# Residual Parameter Transfer for Deep Domain Adaptation

[group-lasso

deep-learning

rank

office

minist

resnet-50

domain-adaption

lenet

]
This is my reading note for Residual Parameter Transfer for Deep Domain Adaptation, which is for domain adaption. Different from existing methods, which mostly aims to learn a network to adpat the (feature) of target domain to the source domain, this paper learns a transform on the parameters of network trained on source domain to the network for the target domain.

The figure belows shows summary of the proposed method. The proposed relies on the parameter transfer to build a network for the target domain from the source domain. Both target domain and source domain will share the same classifier, which is learned from source domain. The source network is first trained with source domain only (left), then fine tuned with data from source domain and target domain (middle).
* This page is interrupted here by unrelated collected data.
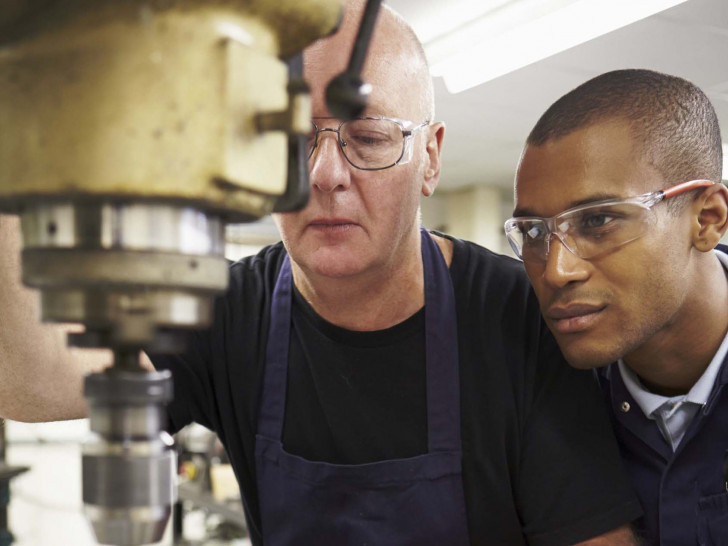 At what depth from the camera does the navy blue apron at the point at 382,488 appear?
117cm

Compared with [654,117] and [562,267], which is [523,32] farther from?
[562,267]

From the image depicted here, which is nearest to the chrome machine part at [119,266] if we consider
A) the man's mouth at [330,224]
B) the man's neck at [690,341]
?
the man's mouth at [330,224]

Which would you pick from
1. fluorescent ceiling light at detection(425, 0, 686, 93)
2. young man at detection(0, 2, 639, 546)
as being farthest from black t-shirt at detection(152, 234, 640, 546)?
fluorescent ceiling light at detection(425, 0, 686, 93)

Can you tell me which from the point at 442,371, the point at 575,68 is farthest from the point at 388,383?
the point at 575,68

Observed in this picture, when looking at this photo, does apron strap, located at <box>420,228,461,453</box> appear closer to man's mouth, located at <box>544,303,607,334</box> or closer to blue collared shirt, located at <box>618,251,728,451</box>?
man's mouth, located at <box>544,303,607,334</box>

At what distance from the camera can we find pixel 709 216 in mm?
1226

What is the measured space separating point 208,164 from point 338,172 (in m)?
0.69

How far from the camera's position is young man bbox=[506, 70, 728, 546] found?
1123 mm

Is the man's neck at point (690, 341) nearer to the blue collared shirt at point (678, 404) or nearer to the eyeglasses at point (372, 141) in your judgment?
the blue collared shirt at point (678, 404)

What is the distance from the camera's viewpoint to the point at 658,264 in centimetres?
115

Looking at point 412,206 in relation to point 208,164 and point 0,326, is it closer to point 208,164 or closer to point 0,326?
point 0,326

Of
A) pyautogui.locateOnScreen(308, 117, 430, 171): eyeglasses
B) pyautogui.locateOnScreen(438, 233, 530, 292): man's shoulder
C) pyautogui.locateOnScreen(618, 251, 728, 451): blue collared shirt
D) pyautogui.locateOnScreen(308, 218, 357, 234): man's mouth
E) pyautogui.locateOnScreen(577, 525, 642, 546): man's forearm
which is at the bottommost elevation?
pyautogui.locateOnScreen(577, 525, 642, 546): man's forearm

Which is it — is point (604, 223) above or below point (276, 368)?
above

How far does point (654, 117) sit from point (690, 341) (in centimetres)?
37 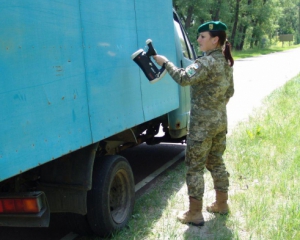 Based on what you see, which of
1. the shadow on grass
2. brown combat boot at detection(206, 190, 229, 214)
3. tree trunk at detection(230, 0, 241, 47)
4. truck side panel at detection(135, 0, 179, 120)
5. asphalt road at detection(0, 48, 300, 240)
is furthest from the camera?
tree trunk at detection(230, 0, 241, 47)

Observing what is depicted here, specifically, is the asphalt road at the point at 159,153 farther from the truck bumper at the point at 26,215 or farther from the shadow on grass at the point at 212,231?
the shadow on grass at the point at 212,231

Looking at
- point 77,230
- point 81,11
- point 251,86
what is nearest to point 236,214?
point 77,230

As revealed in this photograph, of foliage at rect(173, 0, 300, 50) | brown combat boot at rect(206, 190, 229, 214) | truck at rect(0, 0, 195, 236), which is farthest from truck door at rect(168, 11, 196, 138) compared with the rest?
foliage at rect(173, 0, 300, 50)

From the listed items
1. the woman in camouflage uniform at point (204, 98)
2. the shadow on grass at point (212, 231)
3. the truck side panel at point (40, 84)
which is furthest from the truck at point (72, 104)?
the shadow on grass at point (212, 231)

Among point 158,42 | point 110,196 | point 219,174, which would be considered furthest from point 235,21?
point 110,196

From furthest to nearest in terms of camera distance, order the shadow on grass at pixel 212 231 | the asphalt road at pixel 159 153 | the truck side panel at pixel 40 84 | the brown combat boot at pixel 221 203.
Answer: the brown combat boot at pixel 221 203 < the asphalt road at pixel 159 153 < the shadow on grass at pixel 212 231 < the truck side panel at pixel 40 84

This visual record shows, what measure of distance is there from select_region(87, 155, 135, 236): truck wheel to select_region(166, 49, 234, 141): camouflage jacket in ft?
2.53

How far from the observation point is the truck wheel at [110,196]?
12.0 feet

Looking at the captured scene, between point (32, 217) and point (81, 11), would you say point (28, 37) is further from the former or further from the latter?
point (32, 217)

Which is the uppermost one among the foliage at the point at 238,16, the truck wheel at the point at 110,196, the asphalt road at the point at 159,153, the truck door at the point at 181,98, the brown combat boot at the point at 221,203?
the foliage at the point at 238,16

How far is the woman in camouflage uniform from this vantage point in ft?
12.4

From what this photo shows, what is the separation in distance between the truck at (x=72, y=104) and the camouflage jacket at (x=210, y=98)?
0.52 m

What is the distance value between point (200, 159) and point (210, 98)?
0.58 m

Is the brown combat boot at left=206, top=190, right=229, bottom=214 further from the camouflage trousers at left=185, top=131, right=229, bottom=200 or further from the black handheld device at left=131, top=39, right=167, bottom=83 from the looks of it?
the black handheld device at left=131, top=39, right=167, bottom=83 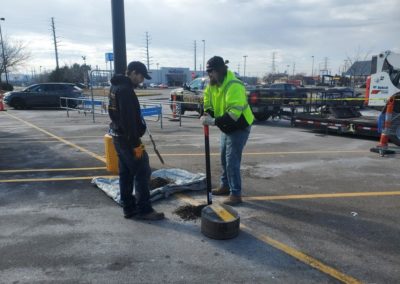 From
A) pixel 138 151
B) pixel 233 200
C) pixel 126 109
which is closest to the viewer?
pixel 126 109

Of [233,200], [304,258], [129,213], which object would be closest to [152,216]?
[129,213]

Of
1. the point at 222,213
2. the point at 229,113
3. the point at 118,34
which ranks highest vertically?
the point at 118,34

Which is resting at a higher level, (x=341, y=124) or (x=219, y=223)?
(x=341, y=124)

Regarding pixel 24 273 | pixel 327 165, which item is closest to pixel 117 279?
pixel 24 273

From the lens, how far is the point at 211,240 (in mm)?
4039

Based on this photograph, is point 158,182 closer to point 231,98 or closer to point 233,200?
point 233,200

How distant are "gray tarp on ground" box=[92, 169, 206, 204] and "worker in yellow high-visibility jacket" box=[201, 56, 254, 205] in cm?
66

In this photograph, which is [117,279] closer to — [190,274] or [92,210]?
[190,274]

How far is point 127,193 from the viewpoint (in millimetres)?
4590

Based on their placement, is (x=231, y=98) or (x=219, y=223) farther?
(x=231, y=98)

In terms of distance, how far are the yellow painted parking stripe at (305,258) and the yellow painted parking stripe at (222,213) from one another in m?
0.36

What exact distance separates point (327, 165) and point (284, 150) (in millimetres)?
1718

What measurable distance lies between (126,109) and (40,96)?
2232cm

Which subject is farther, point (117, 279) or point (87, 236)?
point (87, 236) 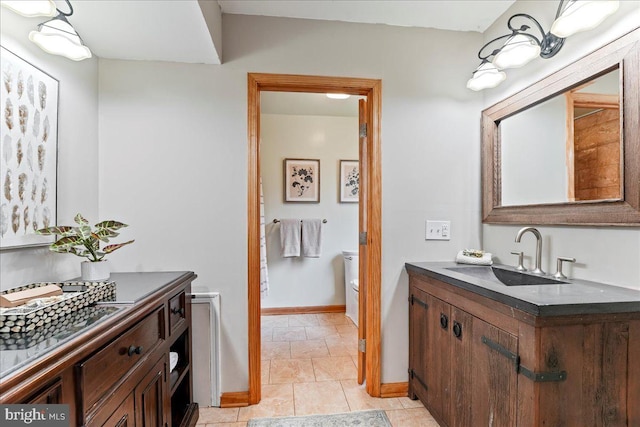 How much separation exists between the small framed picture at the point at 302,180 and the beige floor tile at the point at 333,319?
51.9 inches

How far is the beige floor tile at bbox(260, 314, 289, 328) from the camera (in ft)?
10.9

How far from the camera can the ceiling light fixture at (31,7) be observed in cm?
105

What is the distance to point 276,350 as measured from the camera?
107 inches

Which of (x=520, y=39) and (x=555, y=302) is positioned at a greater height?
(x=520, y=39)

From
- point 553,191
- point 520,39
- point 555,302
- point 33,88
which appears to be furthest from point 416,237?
point 33,88

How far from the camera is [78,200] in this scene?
1639mm

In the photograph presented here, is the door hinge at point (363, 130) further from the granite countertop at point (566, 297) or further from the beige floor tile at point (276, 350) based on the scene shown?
the beige floor tile at point (276, 350)

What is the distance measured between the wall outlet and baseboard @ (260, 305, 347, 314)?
6.44 feet

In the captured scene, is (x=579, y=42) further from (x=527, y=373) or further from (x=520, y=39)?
(x=527, y=373)

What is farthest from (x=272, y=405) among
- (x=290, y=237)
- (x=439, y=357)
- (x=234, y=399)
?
(x=290, y=237)

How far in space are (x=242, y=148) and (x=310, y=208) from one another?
6.06ft

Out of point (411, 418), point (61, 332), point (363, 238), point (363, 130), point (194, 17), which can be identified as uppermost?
point (194, 17)

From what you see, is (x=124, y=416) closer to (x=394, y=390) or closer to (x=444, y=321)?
(x=444, y=321)

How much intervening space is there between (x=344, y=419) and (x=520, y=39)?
2217 millimetres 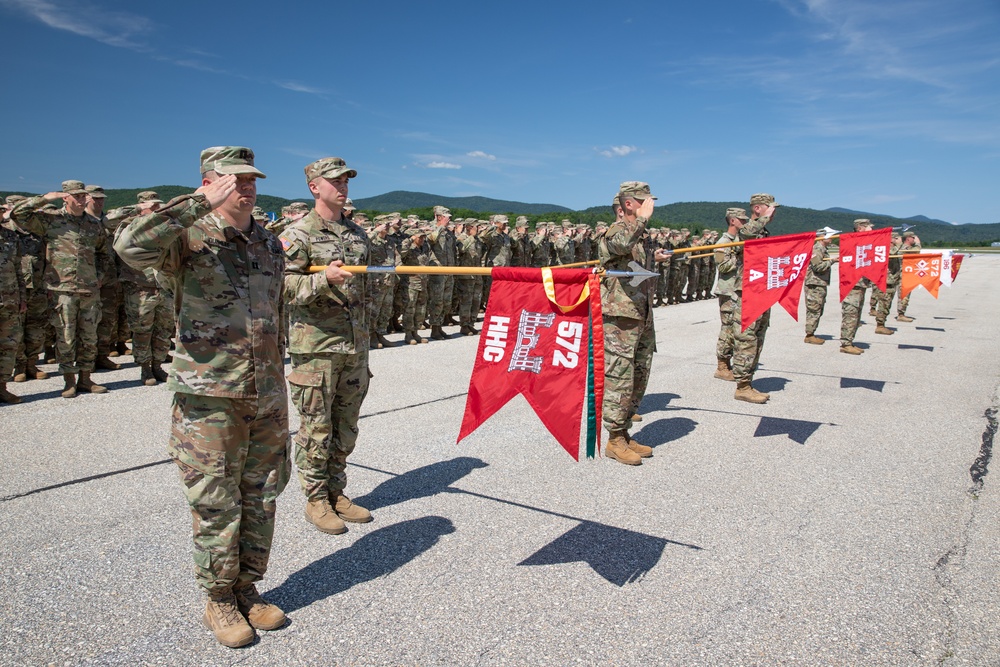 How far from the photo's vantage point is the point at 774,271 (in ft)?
22.4

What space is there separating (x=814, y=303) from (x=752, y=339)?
584 centimetres

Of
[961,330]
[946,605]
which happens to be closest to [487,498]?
[946,605]

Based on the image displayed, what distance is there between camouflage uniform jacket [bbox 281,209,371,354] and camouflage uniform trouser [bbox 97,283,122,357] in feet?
23.2

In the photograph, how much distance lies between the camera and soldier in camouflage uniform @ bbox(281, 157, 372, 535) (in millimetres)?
4219

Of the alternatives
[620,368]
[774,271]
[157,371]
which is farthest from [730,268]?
[157,371]

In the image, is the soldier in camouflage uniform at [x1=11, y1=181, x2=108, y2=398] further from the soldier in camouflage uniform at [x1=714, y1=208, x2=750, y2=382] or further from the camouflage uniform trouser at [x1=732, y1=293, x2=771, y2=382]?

This figure shows an example of the proposed method on digit recognition basde on LeNet, where the parameters of target network is computed from source network, via the residual transform.

# Residual Transform

The residual transform learns a transform for parameter of source network to target network. The proposed method assumes the source network and target network shares the same architecture.

More specifically, the proposed method uses encoder-decoder for residual transform (as shown above), which could be written as:

\[\Theta_i^t=\mathcal{B}_i^1\sigma((\mathcal{A_i^1}^T\Theta_i^s\mathcal{A}_i^2+\mathcal{D}_i)(\mathcal{B}_i^2)^T)+\Theta_i^s\]where \(\Theta_i^s\) and \(\Theta_i^t\) are the parameter for i-th layer of source network and target network accordingly, \((\mathcal{B}_i^1,\mathcal{B}_i^2,\mathcal{A}_i^1,\mathcal{A}_i^2,\mathcal{D}_i)\) are the parameter for the residual transform.

Here the layers parameter as in the matrics form:

- for fully connected layer, \(\Theta_i^s\in\mathbb{R}^{N_{out}\times(N_{in}+1)}\)
- for convolution layer, \(\Theta_i^s\in\mathbb{R}^{N_{out}\times(N_{in}\times k_x\times k_y)}\)

\(\mathcal{T}_i=\mathcal{A_i^1}^T\Theta_i^s\mathcal{A}_i^2+\mathcal{D}_i\in\mathbb{R}^{l_i \times r_i}\) defines the complexity of this transform, which is regularized by \(\ell_{2,1}\) loss and \(\ell_{1,2}\) loss (i.e., group lasso). Group lasso encourages the entire row or column of \(\mathcal{T}_i\) to be zero.

# Loss Functions

The following loss functions are used:

- classificaiton loss: standard cross entropy loss is used, applied for source domain only;
- discreprancy loss: measures the similarity of the feature output by source network and target network. Advserial loss is used here, which classifies the feature into source domain and target domain;
- stream loss: to prevents network from learning trivial solutions, e.g., all 0 or source parameter and target parameter are too different from each other.
- rank minimizing term as described in the section.

For stream loss, it is implemented as \(\lambda_s(\mathcal{L}_w-\mathcal{Z}(\mathcal{L}_w))\) with \(\mathcal{L}_w=\sum_i{\lVert\mathcal{B}_i^1\sigma((\mathcal{A_i^1}^T\Theta_i^s\mathcal{A}_i^2+\mathcal{D}_i)(\mathcal{B}_i^2)^T)\rVert_{fro}}\). \(\mathcal{Z}\) is the barrier function and log is used. Stream loss is is smallest when \(\mathcal{L}_w=1\) and goes to infinity when \(\mathcal{L}_w\) becomes either very small or very large.

As shown in the image below, the performance is not very sensitive to the weights of those loss functions.

# Implementations

The paper uses approximal gradient descent to learn the network:

- use Adam for a pre-defined number of iterations to learn the network
*without*the rank minimizing terms; - find the approximation to the network learned from previous step, with the rank minimizing terms.

# Experiment Results

The experiment result on digit recognition from SVHN to MNIST. Here LeNet or SvhNet is used which are very small networks.

The figure below shows experiment result on object recognition for office dataset with ResNet-50 as network backbone. Please check the asymmetric improvement on A to D (or W) vs D (or W) to A.

Sample images from the Office dataset.

The figure below shows the \(l_i\) and \(r_i\) for the residual transform for ResNet-50 learned on office dataset.